I am on beta 17, pretty sure it was 5.01. Downloaded it just a week and a half ago.


----------



## jtalden (Mar 12, 2009)

The big number in the SPL meter should always be positive.
The small number below over the bar scale is marked "dB FS" (Full Scale). That shows how much headroom is available before the meter is overloaded.


----------



## bkeeler10 (Mar 26, 2008)

Yes the SPL meter always reads positive. There is always substantial low-frequency energy in the room, which is low enough in both frequency and level to not be noticeable, but the mic and meter pick it up so there's no way that overall SPL is going to be negative.

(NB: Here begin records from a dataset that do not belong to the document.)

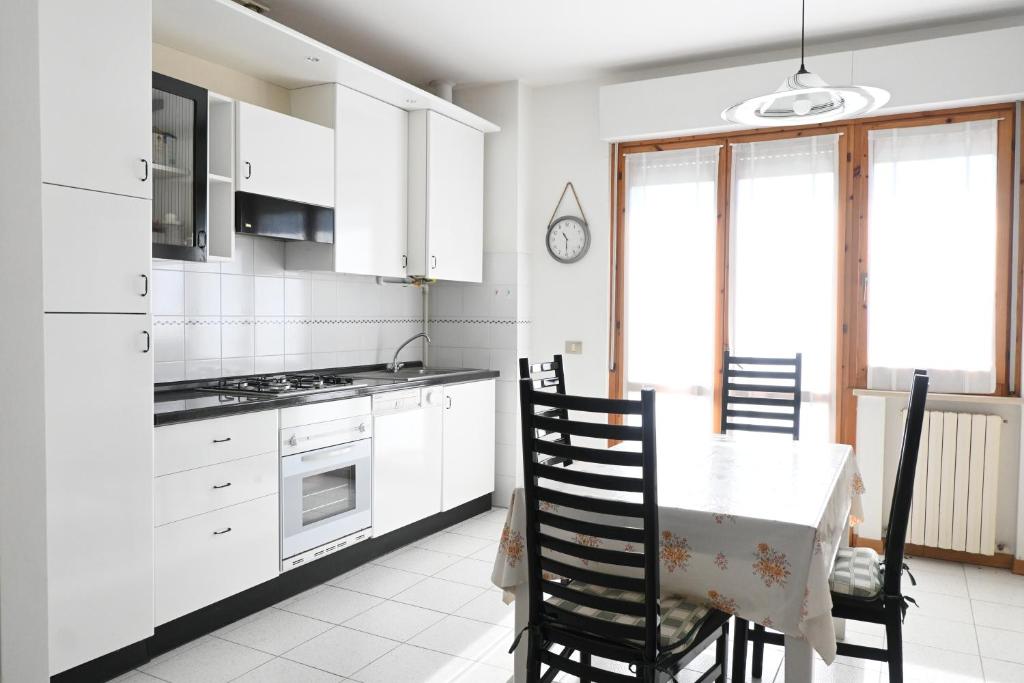 S355 - Sirolo, ampio trilocale con terrazzo e posto auto - 3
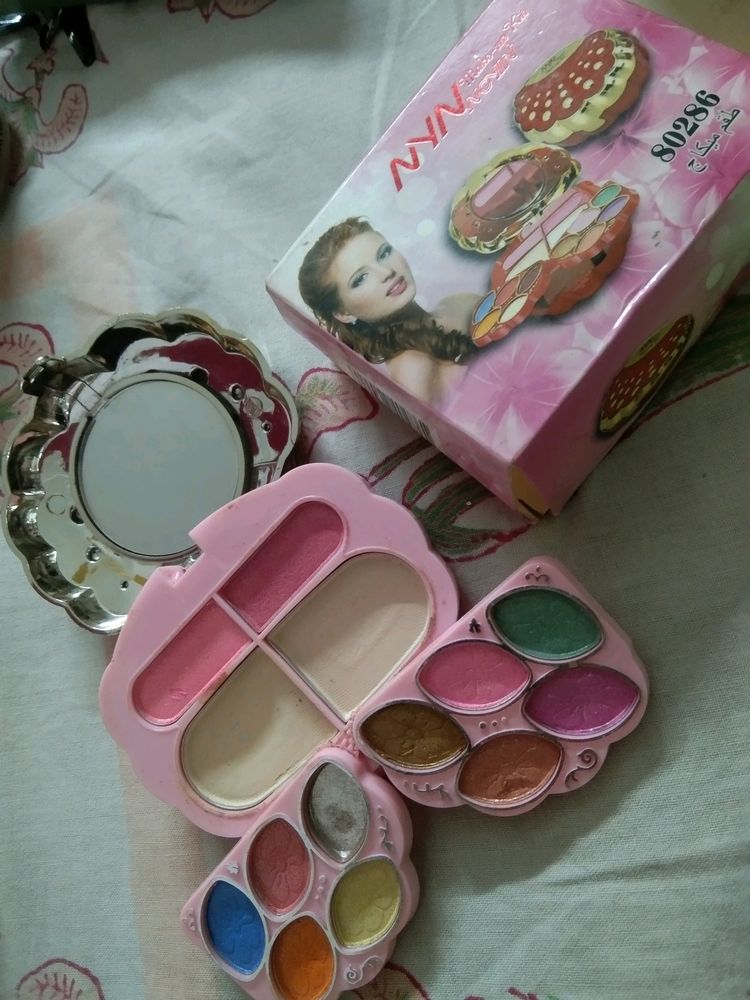 Makeup Kit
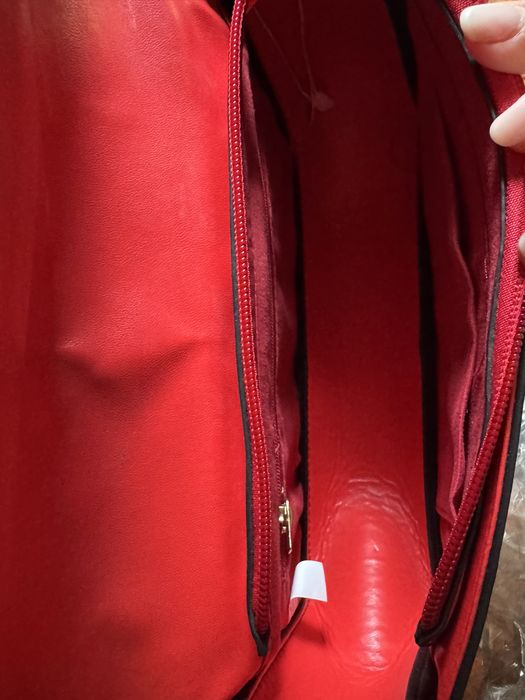 Mala preta e vermelha nova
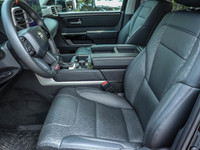 2023 Toyota Tundra Limited 4x4 CrewMax with TRD Off Road Package – Key Features & Options:Performanc... (image 9)
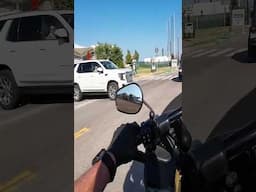 Biker almost gets hit by SUV 🚙 (via DailyHarleyRider/yt)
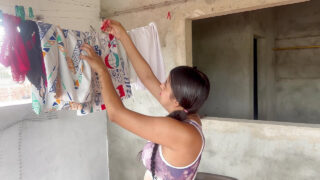 Σπιτική ταινία με ερασιτεχνικό 18χρονο τσούλα που γίνεται σκληρή πρωκτική γαμήσι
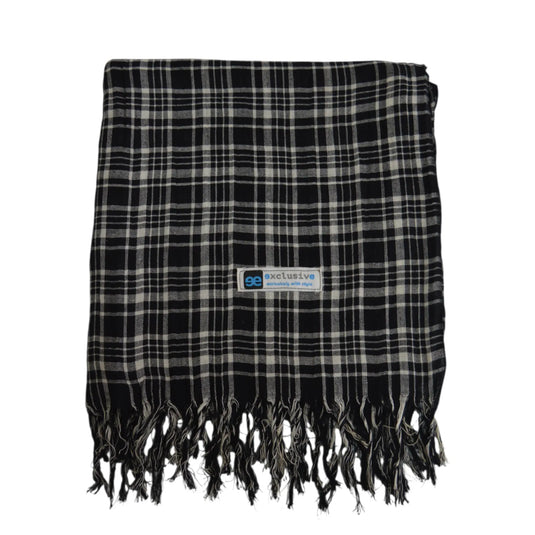 Bufanda Pazos de algodón 100% en color negro con diseño de cuadros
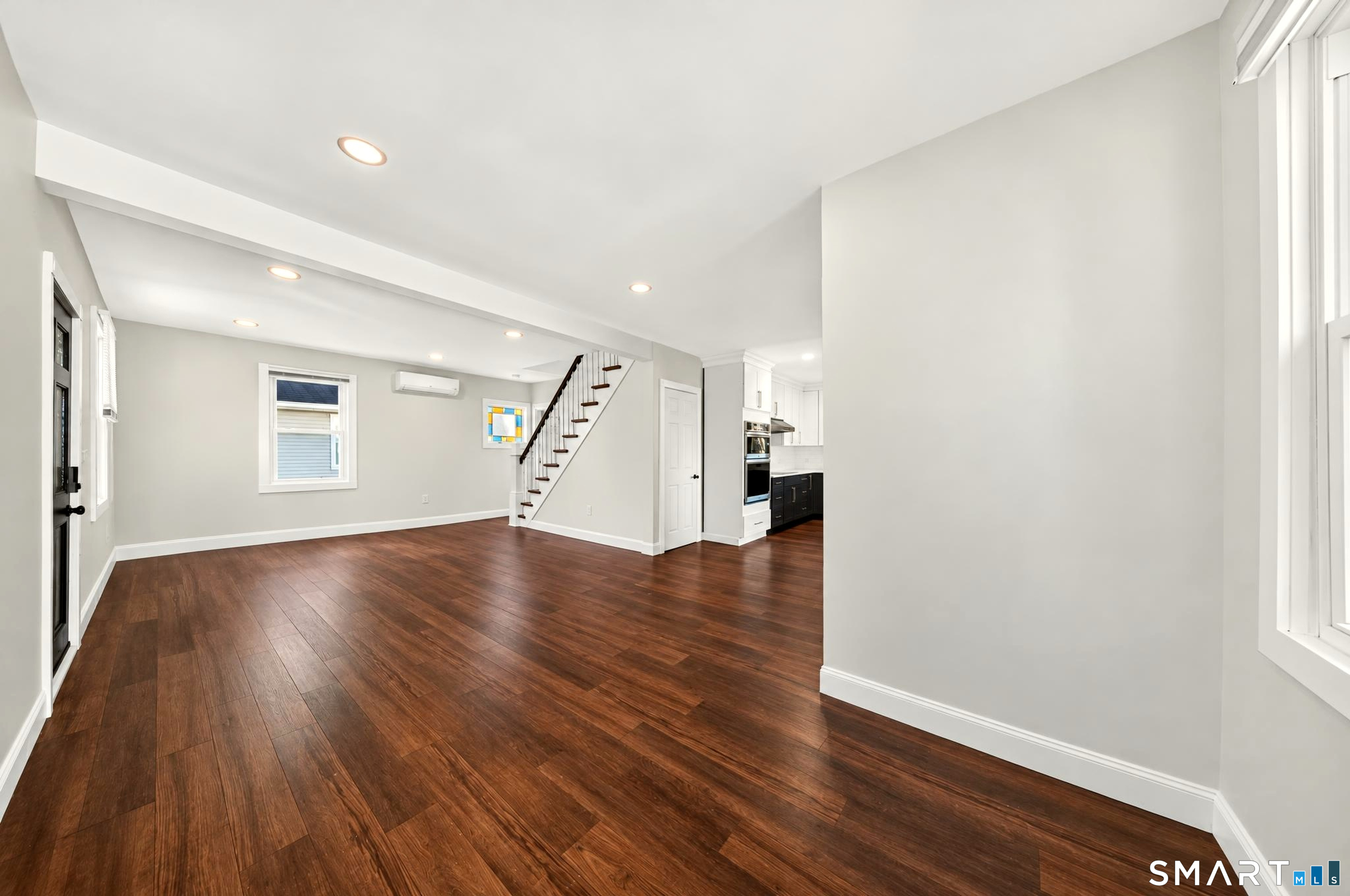 15 Ridgeway Street Stamford CT 06907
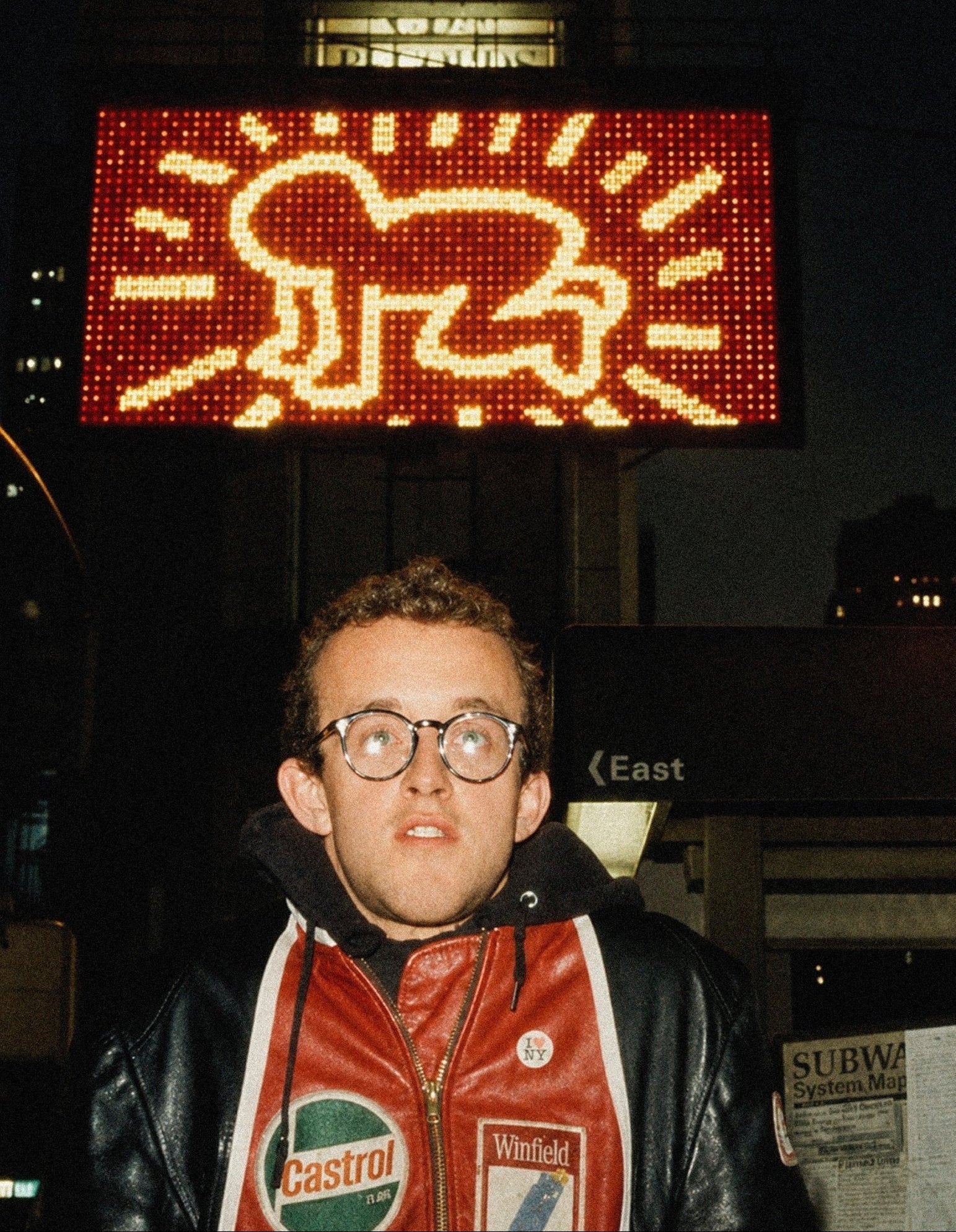 Keith Haring Photography - Reusable Peel-and-Stick Poster - Pasquín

It is the frequencies in the top few octaves as shown on the RTA graph that are dipping below 0 dB.


----------



## jtalden (Mar 12, 2009)

Unless someone else has an idea, you would need to post a .mdat so we can see your measurement.


----------



## bkeeler10 (Mar 26, 2008)

Thanks will do.

Can an mdat capture a non-static measurement? In the case of frequency response or waterfall plots, etc, obviously not a problem. For a dynamic (constantly changing) measurement like RTA, would it just be taking a snapshot?


----------



## JohnM (Apr 11, 2006)

It wouldn't be too difficult to see negative values on the RTA at any particular frequency in such a quiet room, especially if you are using a high RTA resolution such as 1/48 octave. The trace shows the sound within each octave fraction, so if you look at the value at 1 kHz (say) on the 1/48 octave setting you are reading the SPL just for the energy that falls within about a 20 Hz span around 1 kHz, which will naturally be a lot lower than the overall figure for the audio band as shown in the SPL meter.


----------



## bkeeler10 (Mar 26, 2008)

Good point, the resolution is really tight but I didn't think to check it. Will do. Thanks.


----------



## bkeeler10 (Mar 26, 2008)

Okay I installed REW on a different computer, changed resolution and turned on averaging. That smoothed things out to where the data makes sense. Not sure if the original computer was a problem or not but I will check another time.

I also compared a frequency response measurement to a professional measurement system with a $1000 microphone at work and the measurements were pretty much on top of each other. Looks like everything is well with this system.


----------